We’re starting to get some clarity about what a new “designated-era” PGA Tour might look like, thanks most recently to this Eamon Lynch report in Golfweek. This year has been characterized as a “bridge year” to get us to the actual, more permanent restructuring of the Tour done largely in response to the LIV threat last year.
Lynch provides some details from a player meeting at Bay Hill this week, and what’s coming into focus for next year and beyond in the designated event era.
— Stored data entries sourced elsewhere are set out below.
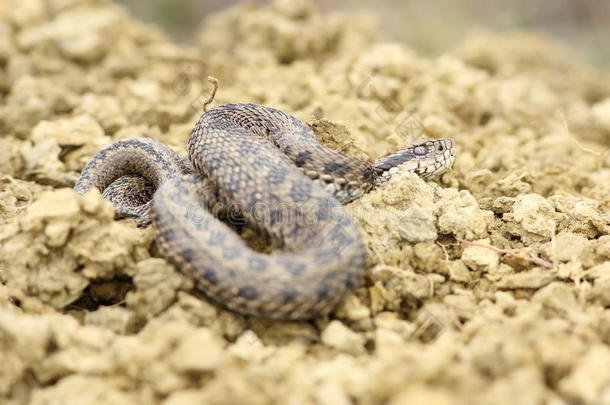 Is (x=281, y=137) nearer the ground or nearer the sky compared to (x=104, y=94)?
nearer the sky

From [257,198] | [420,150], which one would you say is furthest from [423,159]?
[257,198]

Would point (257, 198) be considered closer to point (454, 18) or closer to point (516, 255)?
point (516, 255)

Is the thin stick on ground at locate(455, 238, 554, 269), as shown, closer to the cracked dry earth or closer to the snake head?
the cracked dry earth

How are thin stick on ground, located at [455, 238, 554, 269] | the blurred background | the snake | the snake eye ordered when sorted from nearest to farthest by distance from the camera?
the snake → thin stick on ground, located at [455, 238, 554, 269] → the snake eye → the blurred background

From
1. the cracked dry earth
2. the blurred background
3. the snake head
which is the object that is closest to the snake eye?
the snake head

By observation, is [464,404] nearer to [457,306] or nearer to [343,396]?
[343,396]

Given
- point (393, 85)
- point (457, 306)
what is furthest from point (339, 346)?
point (393, 85) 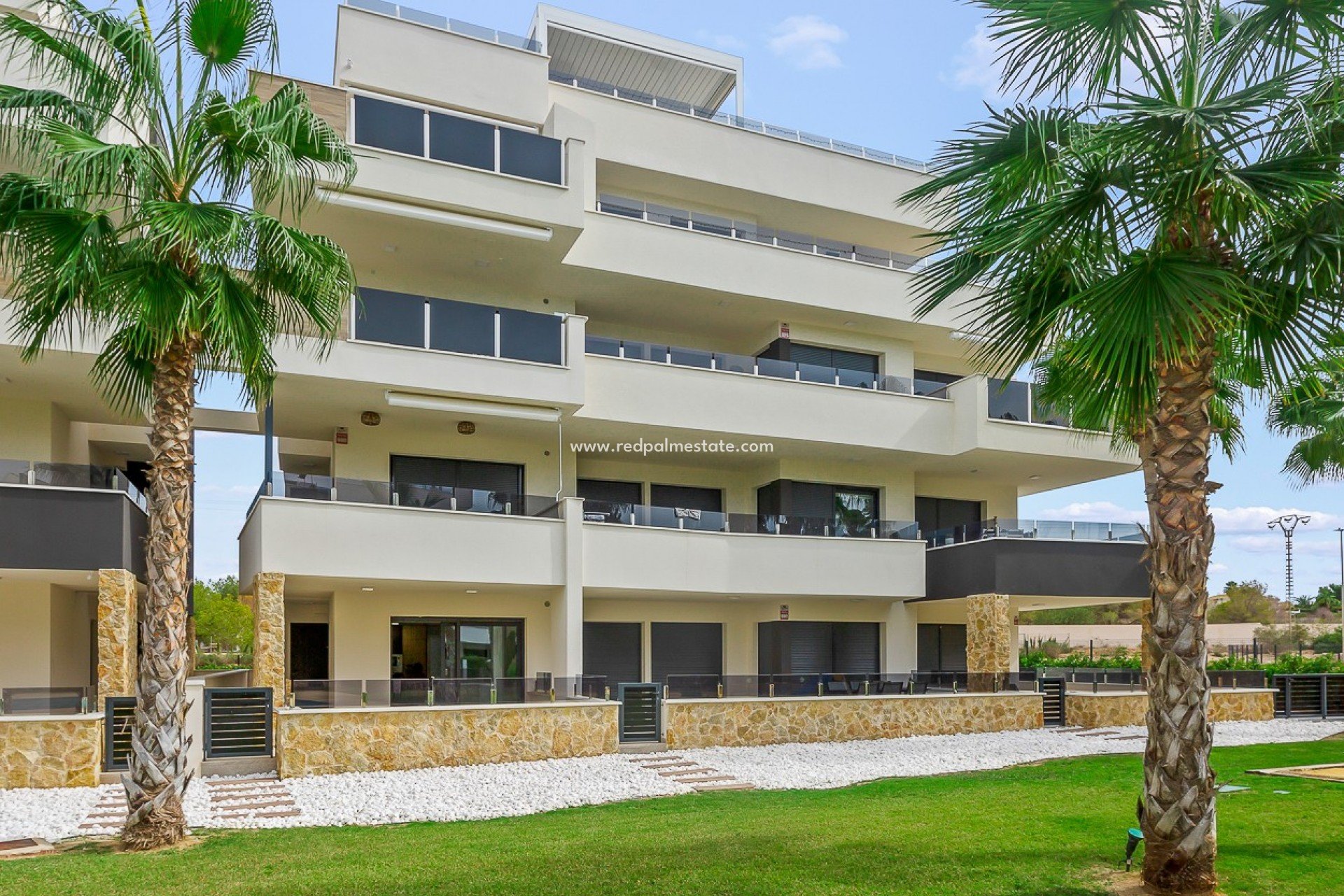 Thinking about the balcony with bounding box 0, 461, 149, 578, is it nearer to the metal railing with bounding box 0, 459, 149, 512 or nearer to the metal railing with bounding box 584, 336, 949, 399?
the metal railing with bounding box 0, 459, 149, 512

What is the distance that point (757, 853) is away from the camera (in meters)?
9.32

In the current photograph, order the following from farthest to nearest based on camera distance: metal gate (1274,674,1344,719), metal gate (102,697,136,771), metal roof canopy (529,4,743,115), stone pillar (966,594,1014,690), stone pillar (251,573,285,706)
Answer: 1. metal gate (1274,674,1344,719)
2. metal roof canopy (529,4,743,115)
3. stone pillar (966,594,1014,690)
4. stone pillar (251,573,285,706)
5. metal gate (102,697,136,771)

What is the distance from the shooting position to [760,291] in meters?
23.2

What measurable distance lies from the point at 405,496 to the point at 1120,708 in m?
16.4

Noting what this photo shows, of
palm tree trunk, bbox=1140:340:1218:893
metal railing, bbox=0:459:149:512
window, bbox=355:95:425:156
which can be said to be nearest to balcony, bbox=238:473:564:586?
metal railing, bbox=0:459:149:512

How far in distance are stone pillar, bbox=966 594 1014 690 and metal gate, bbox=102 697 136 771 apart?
16533mm

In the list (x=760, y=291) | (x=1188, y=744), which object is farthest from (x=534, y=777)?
(x=760, y=291)

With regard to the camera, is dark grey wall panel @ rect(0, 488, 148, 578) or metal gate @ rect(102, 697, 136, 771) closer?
metal gate @ rect(102, 697, 136, 771)

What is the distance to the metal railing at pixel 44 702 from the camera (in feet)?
49.2

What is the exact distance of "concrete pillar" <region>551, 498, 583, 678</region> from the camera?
2028 centimetres

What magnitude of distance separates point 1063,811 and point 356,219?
51.9 feet

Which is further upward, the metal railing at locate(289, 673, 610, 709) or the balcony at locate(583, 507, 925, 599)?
the balcony at locate(583, 507, 925, 599)

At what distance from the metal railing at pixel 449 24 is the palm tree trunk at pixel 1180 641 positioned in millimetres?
18005

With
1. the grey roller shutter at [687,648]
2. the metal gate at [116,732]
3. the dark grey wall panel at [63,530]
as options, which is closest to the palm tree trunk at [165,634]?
the metal gate at [116,732] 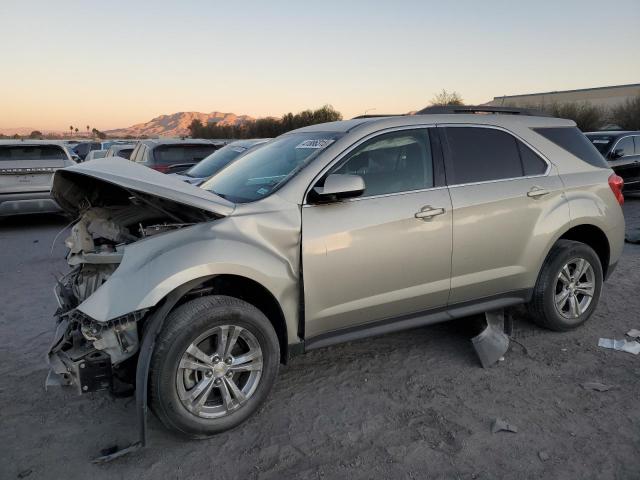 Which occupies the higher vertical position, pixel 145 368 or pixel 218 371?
pixel 145 368

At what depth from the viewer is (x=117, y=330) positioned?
112 inches

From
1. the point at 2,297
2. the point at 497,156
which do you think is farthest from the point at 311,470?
the point at 2,297

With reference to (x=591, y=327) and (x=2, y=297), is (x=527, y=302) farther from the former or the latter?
(x=2, y=297)

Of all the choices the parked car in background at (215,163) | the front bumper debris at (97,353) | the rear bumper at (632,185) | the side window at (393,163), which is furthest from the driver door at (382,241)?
the rear bumper at (632,185)

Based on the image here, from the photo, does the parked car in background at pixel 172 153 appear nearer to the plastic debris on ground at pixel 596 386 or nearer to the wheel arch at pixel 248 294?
the wheel arch at pixel 248 294

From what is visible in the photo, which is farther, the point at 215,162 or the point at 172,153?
the point at 172,153

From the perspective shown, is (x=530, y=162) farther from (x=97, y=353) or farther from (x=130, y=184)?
(x=97, y=353)

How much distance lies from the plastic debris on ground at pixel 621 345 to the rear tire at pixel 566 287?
0.29 meters

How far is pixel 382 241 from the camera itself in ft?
11.3

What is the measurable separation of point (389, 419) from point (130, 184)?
85.3 inches

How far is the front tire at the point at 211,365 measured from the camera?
2.86 metres

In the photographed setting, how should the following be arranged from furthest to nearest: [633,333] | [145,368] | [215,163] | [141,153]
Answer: [141,153] < [215,163] < [633,333] < [145,368]

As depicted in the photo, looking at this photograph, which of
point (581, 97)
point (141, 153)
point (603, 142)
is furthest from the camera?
point (581, 97)

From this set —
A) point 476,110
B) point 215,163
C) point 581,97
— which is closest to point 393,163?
point 476,110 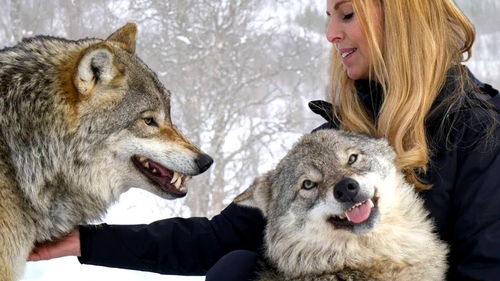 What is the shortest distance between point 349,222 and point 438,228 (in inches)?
18.5

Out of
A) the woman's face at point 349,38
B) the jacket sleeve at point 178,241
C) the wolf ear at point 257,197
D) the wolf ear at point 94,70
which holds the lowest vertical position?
the jacket sleeve at point 178,241

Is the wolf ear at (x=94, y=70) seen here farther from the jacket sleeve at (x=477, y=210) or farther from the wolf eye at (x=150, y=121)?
the jacket sleeve at (x=477, y=210)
Some nuts and bolts from the Golfweek report on what designated events might look like:
- fields of 70 to 78 players
- fields consisting of: the prior year’s top 50 in the FedExCup, 10 more players from the current season’s FEC points race not already exempt, a “hot form” exemption for five players’ performance in preceding non-designated events, an OWGR-related carve-out for highly-rated players who may have been injured, and some sponsor’s exemptions with beefed up guardrails
- no cuts at designated events, not including the majors, Players, and FEC Playoffs (Rory McIlroy has since stated there could be others that keep a cut and the no-cut aspect may not be final)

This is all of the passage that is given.